Mineral soil samples, including coarse fragments and roots, were collected by excavation to 0.2 m in depth in one of the four sub-sample locations (0.2 m × 0.2 m) for bulk density determination. The excavated volumes were measured with silica crystals.

Biomass and Carbon Calculations

Trees

We estimated carbon in standing live and dead trees using species specific allometric equations from Ung et al. (2008) to calculate biomass and then applying a carbon factor of 0.5 (Lamlom and Savidge, 2003). The biomass of standing dead trees was further reduced by applying a species and decay class specific density reduction factor (Harmon et al., 2011) and a decay class specific structural reduction factor (Domke et al., 2011). We also estimated carbon in seedlings (height < 1.3 m) by extending the Ung et al. (2008) biomass allometric equations to trees that had not yet reached breast height. We used the mode of the height class (0.15 cm for 0–30 cm height class, and 80 cm for 31–130 cm height class) and estimated a hypothetical dbh value for each seedling size class by calibrating the resulting biomass estimates against the biomass of similar European seedlings and saplings species (Annighöfer et al., 2016). Based on this, we used a dbh of 0.1 cm for the 0–30 cm height class, and 1 cm for 31–130 cm height class and then applied Ung et al. (2008) species-specific allometric equations to estimate biomass, followed by a factor of 0.5 to estimate carbon with a 5% carbon reduction for dead seedlings.

Roots

We calculated roots associated with live trees using the following formula from Li et al. (2003).
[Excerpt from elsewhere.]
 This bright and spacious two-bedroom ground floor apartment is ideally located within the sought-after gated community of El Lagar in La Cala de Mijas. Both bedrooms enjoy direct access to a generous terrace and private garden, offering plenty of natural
C_{r i} = 0.222 \times C_{t i}

Where C_ri is the estimated carbon (Mg⋅ha^–1) in the roots from live tree i. and C_ti is the estimated above-ground carbon of tree i. We did not include root carbon in the dead wood pool, because we could not confidently assess dead tree biomass where site preparation treatments had removed stumps.

Woody Debris

We estimated CWD carbon (Mg⋅ha^–1) following methods similar to Russell et al. (2015) using the following formula.

\begin{matrix} C_{C W D, s m} \\ = V_{C W D, s m} \times W D_{s m} \times D C R F_{s m} \times S R F_{k} \times C c o n c_{s k} \end{matrix}

Where V_CWD is the volume (m³⋅ha^–1) of CWD for species s and size class m, derived using the estimator outlined in Woodall and Monleon (2008); WD_sm is the species, s, and size class, m, specific wood density (g⋅cm^–3; Harmon et al., 2008); DCRF_sm is the species, s, and size class, m, specific decay reduction factor (%; Harmon et al., 2008) SRF is a structural reduction factor for decay class k (%; Fraver et al., 2013) and Cconc is species s and decay class k carbon content (Harmon et al., 2013).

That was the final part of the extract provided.